Once my kids were grown I thought I would not have to listen to Lion King played all day every day for 2 years until I became a grandmother. I would then be able to just send my grand-kids home with their parents once our visit was over. Once my children moved out of the house I didn’t think I would have to be subjected to crazy rap music or the Kardashians either! I have since learned that there will most likely be an endless supply of crazy shows with little to no social value on into the future.

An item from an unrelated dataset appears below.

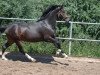 Springpferd Quickstep BEVS (Deutsches Reitpony, 2012, von Quaterback's Junior)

If you have ever watched “The only way is Essex” reality show you might be like me and not be able to understand what the heck they are all talking about because their accents are so strong and they have a lot of weird words. They may not even be real words. (Essex is a county that has a border right up next to London and that is all I know about it.) Once the group of over indulged children start talking, they talk faster and faster and faster and if you throw in a bunch of made up words it is impossible to understand without subtitles.
Nouveau Cockney is a foreign dialect. Most of the Cockney vowels are elongated into diphthongs and triphthongs, the resulting rhythm tends to be choppy according to Foreign Dialects: A Manual for Actors, Directors, and Writers By Lewis Herman, Marquerite Shalett Herman.
Here’s a few translations from the Essex dictionary:
‘reem’ – a term of endearment to mean ‘cool’
‘glamping’ – glamorous camping
‘shaaaaap’ – please be quiet
‘well jell’ – I am most jealous
‘awmygawd’ – heavens above!
‘awight babe?’ – hello darling
‘politicious’ – politicians
‘arrrra’ – hello
‘naaaloooor’ – nightclub
“alma chizzit” – how much is it
“assband” – housebound
“dan in the maff” – down in the mouth
Sadly, all the choppy talk does is make me slightly seasick so I have to drink Ginger Ale and go lie down. I want to be better prepared for whatever shows or music I will want to ignore in the future so I am going to order a pair of hunting headsets to provide protection for my ears. My advise to you? Be prepared.